Using our PC application, the user can generate a QR code for their PGP public key. This QR code can then be scanned by our mobile application and the public key will then be stored in our mobile application. Then to exchange public keys you can either hand over the QR code to the other person so that they can scan it into their phone or you can directly send it to the person via NFC. Once you've gotten the public keys you need from others you can then transfer them back to your computer via our forwarding server. The mobile app will then encrypt and sign the public keys using your public key and private key on your phone. Then it will be sent to our server which then you can use to synchronize the public keys onto your computer. (Currently, synchronization is implemented but the encrypted transfer is in development). So, as you can see by using the QR code and NFC a man in the middle attack is not possible. It also makes direct exchanges much less painful and easy since all you need to do is scan a QR code or tap your phone with the other person's phone. It's fast, easy, and safe.

Extra Features

We also added an extra feature called Password Booster which basically gauges the strength of the password you input then outputs a stronger password. Many users have a hard time thinking up of strong passwords and they don't want just completely random passwords, so this feature will give them passwords that are variations of what they input.

Password Booster first evaluates the strength of your current password. In assigning it a score it uses basic criteria such as length and the presence of uppercase letters, lowercase letters, numbers, and special symbols like @. At the same time, it takes a deeper look and deducts points for certain negative characteristics. Passwords that consist of only letters or only numbers are penalized the most, but there are also penalties for numerous repeated instances of the same symbol, long strings of symbols of the same type, and long strings of sequential symbols (e.g. 123).

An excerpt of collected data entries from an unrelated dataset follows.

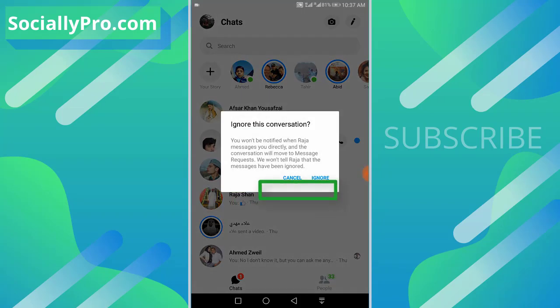option. 'Ignore this conversation: You won't be notified when this person messages you directly, and the conversation will move to message requests. We won't tell this person that the messages have been ignored.' Once you confirm that, hit the ignore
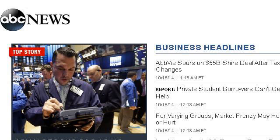You can also try abcnews.go.com, especially the page Business News, Personal Finance and Money News. This is the link.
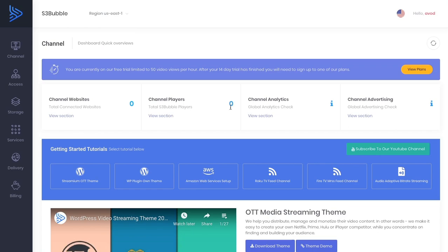Hello everybody and welcome to S3 Bubble. In this video series we're going to be talking about SVOD and AVOD. SVOD is subscription video on demand and AVOD is advertising video on demand. There's two separate services that we're going to support and in this video we're going to be talking about AVOD.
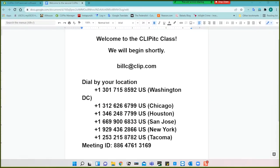We're recording this and we'll make it available on YouTube for you as soon as we can. I'll send out an email to let you know when that is available.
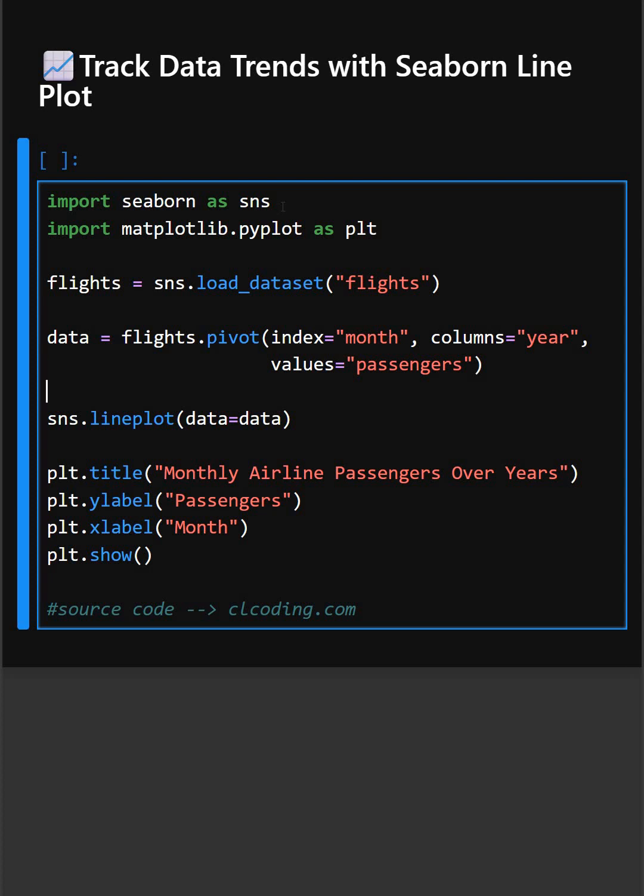In this line, this draws multiple lines, one for each year, showing monthly passenger counts.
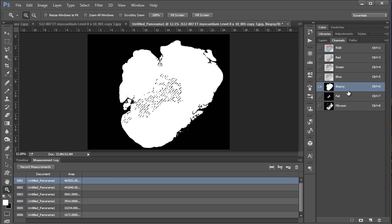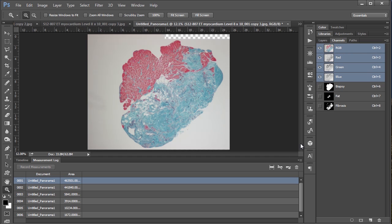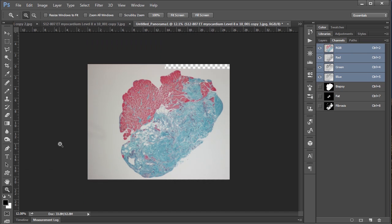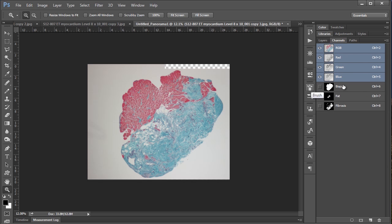And so basically once we have those three numbers, I'm not going to do it here, but just for example, to measure the area of the fat or the fibrosis in this heart you simply take those pixel counts. So for instance fat, the fat pixel count, and divide it by the number of pixels of the biopsy. And that will give you the percentage fat in this heart.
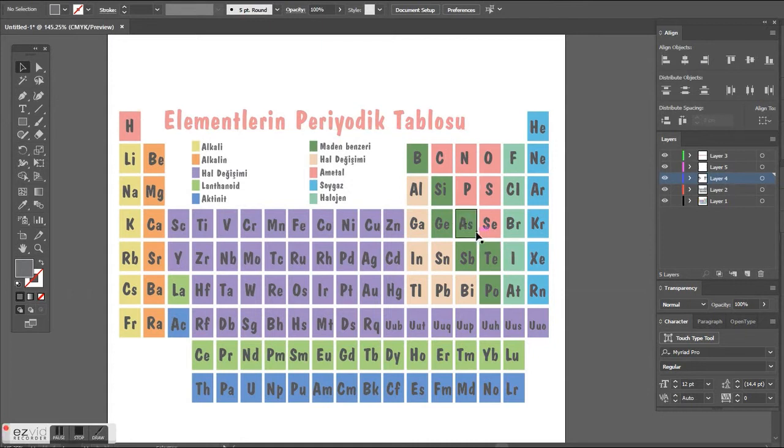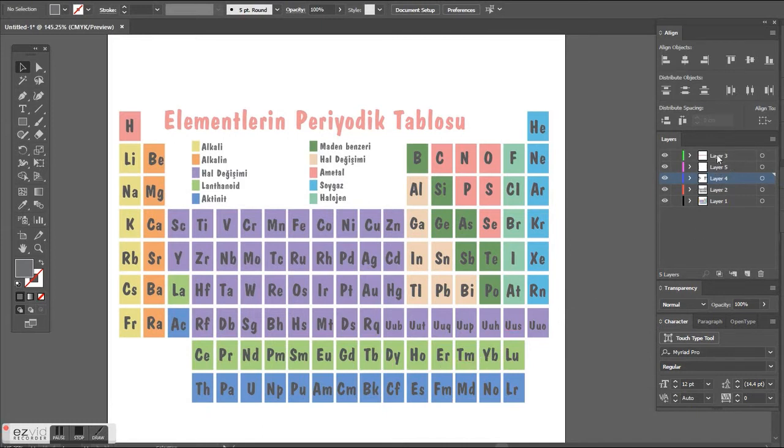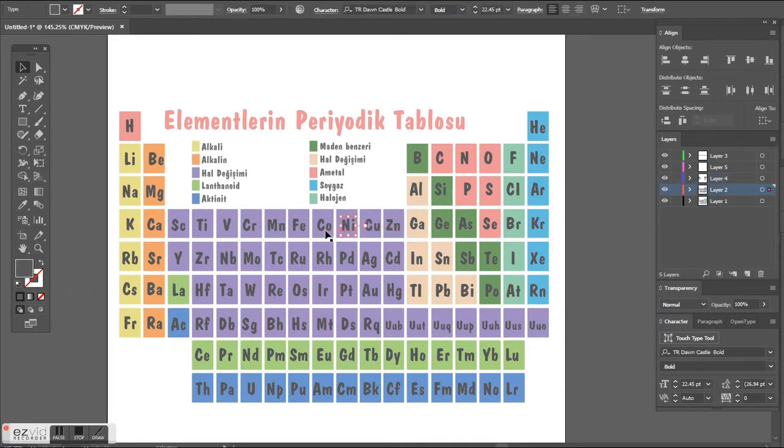For example, there are lots of objects and layers on your artboard. You want to select all of the objects in the same layer. How are you going to do that? It's easy.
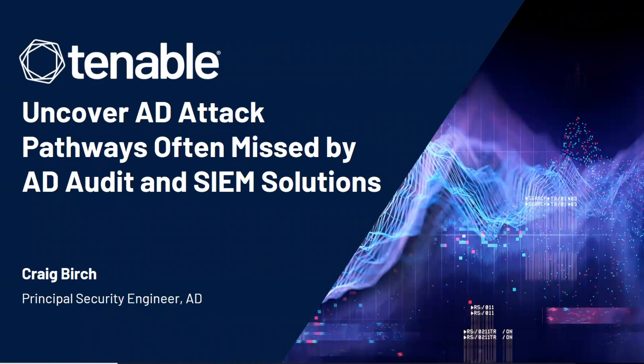Hi, Craig Burch here from Tenable. Today I'm going to talk about how you can use Tenable AD to uncover AD attack pathways often missed by AD audit and SIEM solutions.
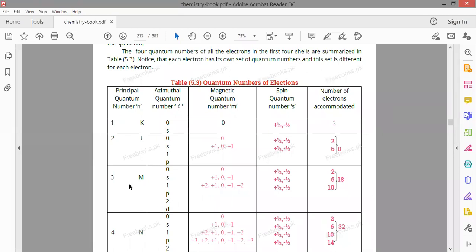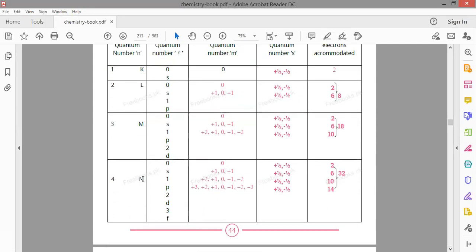For n=3 (M shell): l = 0, 1, 2 (s, p, d sub-shells) with magnetic quantum numbers 0; 0, ±1; and 0, ±1, ±2 respectively. Electrons: s=2, p=6, d=10, totaling 18 electrons. For n=4 (N shell): l = 0, 1, 2, 3 (s, p, d, f sub-shells), giving 2, 6, 10, 14 electrons respectively — a total of 32 electrons in the fourth shell.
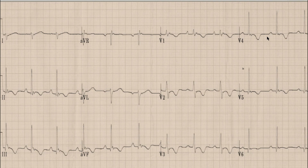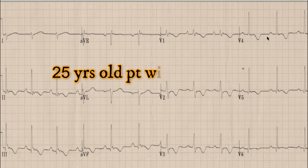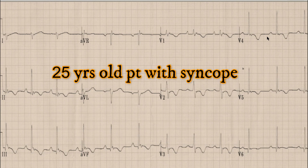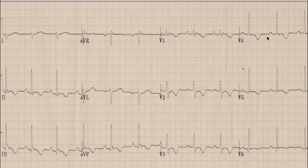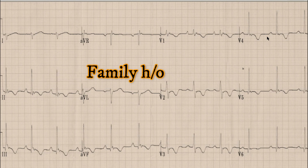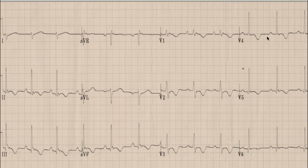This is the ECG which we are going to discuss today. It is the ECG of a 25-year-old boy who presented with acute onset syncope. The patient had a family history of sudden cardiac death, with his father dying at age 33 with sudden cardiac death.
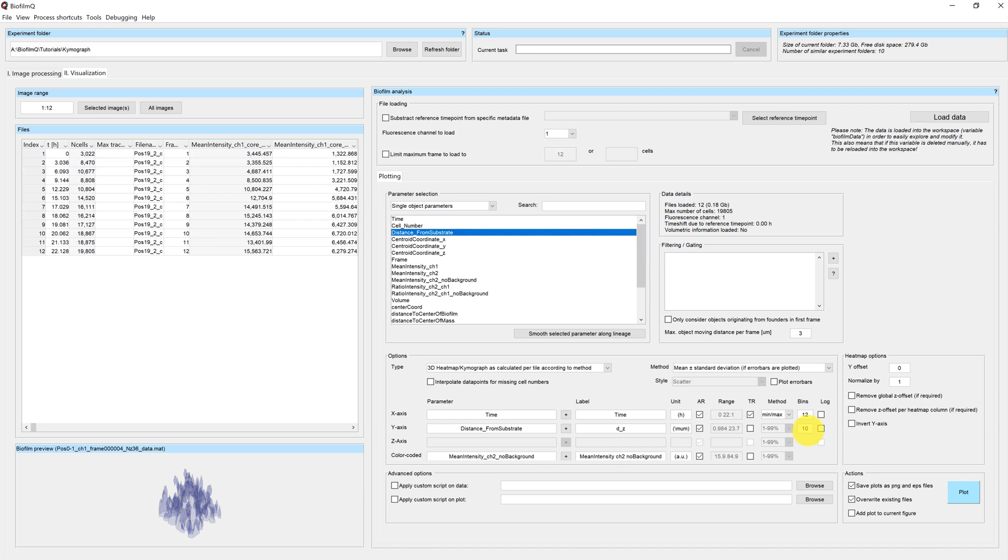So if we want to have a bin size larger than our cube size, we can choose for example 15 here.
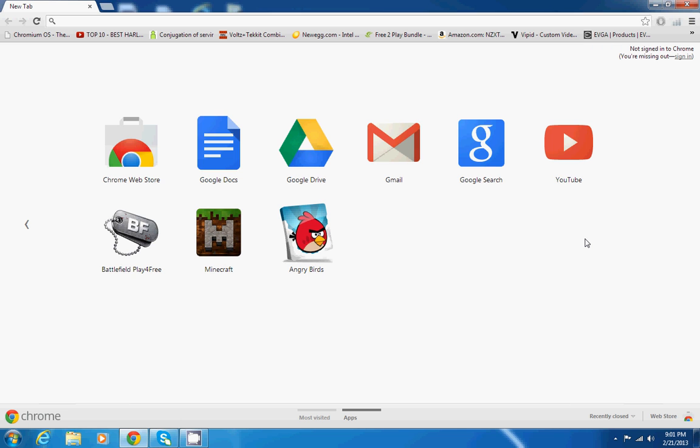A question I've gotten a lot is, how do I change the download location for Google Chrome? I don't want it to save on my solid state drive, I want to change that.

The user sets a score threshold, and if the original password doesn't meet this requirement, Password Booster will try to augment it until it does. It's primary tools for doing so are adding strings of words, numbers, and symbols to the password. In addition, because dictionary words are among the easiest passwords to crack, all letters in the password are considered to either randomly have its case change (e.g. lower to upper) or to have it be changed to its l33t speak equivalent, if applicable (e.g. E to 3). Added strings can be inserted anywhere in the password, potentially breaking up existing clear dictionary words.

How we built it

We developed an Android application using Android Studio and Java; we used ZXing's barcode scanner for scanning QR codes. We store the PGP keys internally on the phone whenever we scan a QR code or receive via NFC. The user can access all keys that were saved, choose which one to send to another user, and even delete keys they don't want anymore. The only time the application connects to the internet is when the public keys are synchronized with the user's computer. We use HTTPS to connect to the server and the public keys that are sent to the server are stored in a private storage for each user. Currently we are still in development of encrypting the public keys and signing them before they are sent, which would make the system secure even if the server was malicious. The server and Windows/Linux client are written in Python; the UI for the client is written HTML, CSS, Javascript, and Bootstrap. We also supplemented our client code with bash scripts. The client also has the Password Booster identical to the one found on the Android application. The Password Booster is written in HTML, CSS, Javascript, and Bootstrap and is displayed as a native WebView on the Android application. So, even then the application does not connect to the internet. The Bootstrap library is also locally existent on the application so that it doesn't have to be acquired from the web.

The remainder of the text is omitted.